Work item - Where the line with "Tortugas Ninja Mutante" appears below, start writing out lines exactly, and finish with the line with "Вібратор-кролик Dorcel GLAM", which is included; write out nothing else.

Dataset excerpts -
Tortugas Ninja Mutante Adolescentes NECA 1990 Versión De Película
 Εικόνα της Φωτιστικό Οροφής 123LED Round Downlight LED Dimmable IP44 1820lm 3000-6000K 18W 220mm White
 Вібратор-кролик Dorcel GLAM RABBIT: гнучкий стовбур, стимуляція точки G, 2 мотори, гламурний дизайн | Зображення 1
==
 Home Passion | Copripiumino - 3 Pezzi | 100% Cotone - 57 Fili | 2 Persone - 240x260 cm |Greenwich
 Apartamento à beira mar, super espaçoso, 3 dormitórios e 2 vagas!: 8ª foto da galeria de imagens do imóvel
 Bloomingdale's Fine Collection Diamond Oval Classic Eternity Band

Result -
Tortugas Ninja Mutante Adolescentes NECA 1990 Versión De Película
 Εικόνα της Φωτιστικό Οροφής 123LED Round Downlight LED Dimmable IP44 1820lm 3000-6000K 18W 220mm White
 Вібратор-кролик Dorcel GLAM RABBIT: гнучкий стовбур, стимуляція точки G, 2 мотори, гламурний дизайн | Зображення 1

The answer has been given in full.